**WHAT YOU WILL DO**
Once you find the line with "Hawaii Five-O, Nick" in the data below, transcribe exactly each line from there to the line with "17 Monticello Ct, Morganville", inclusive, and nothing else. Drop the pictures.

**DATA PROVIDED**
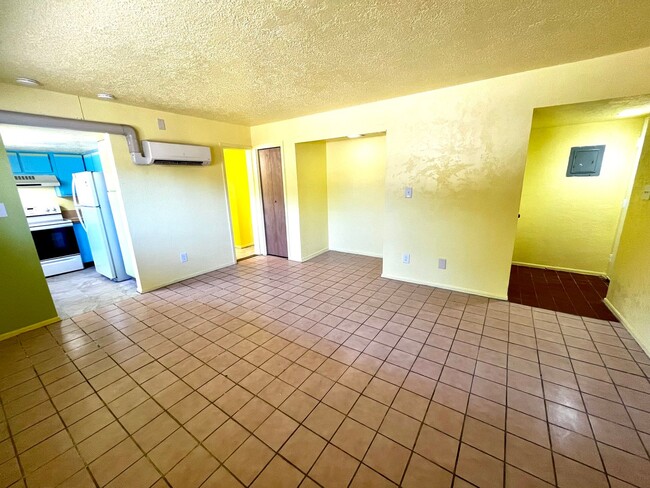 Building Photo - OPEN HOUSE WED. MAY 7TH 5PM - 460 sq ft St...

* * *

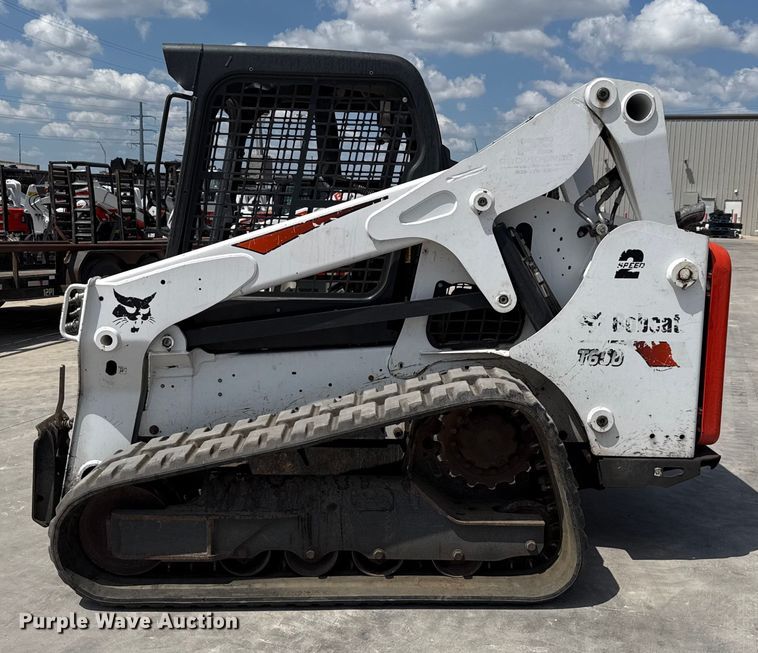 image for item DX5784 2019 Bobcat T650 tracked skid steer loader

...

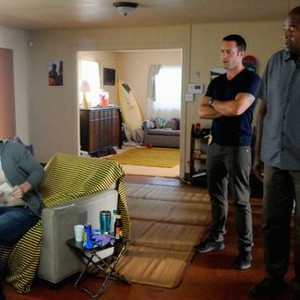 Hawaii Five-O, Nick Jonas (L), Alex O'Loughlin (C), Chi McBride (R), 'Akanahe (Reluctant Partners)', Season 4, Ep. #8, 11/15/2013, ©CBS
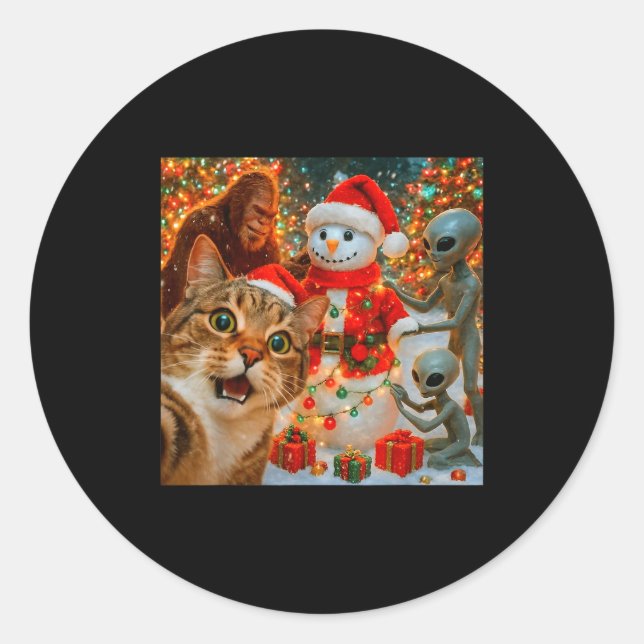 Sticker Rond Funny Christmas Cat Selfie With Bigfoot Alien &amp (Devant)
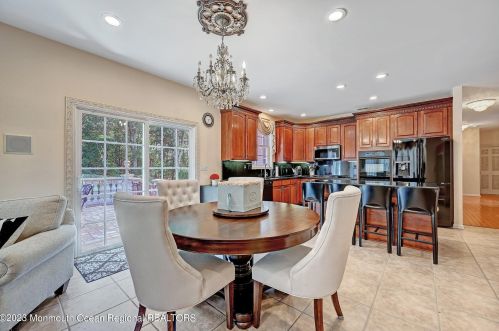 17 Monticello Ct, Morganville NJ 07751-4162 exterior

**YOUR RESPONSE**
 Hawaii Five-O, Nick Jonas (L), Alex O'Loughlin (C), Chi McBride (R), 'Akanahe (Reluctant Partners)', Season 4, Ep. #8, 11/15/2013, ©CBS
 Sticker Rond Funny Christmas Cat Selfie With Bigfoot Alien &amp (Devant)
 17 Monticello Ct, Morganville NJ 07751-4162 exterior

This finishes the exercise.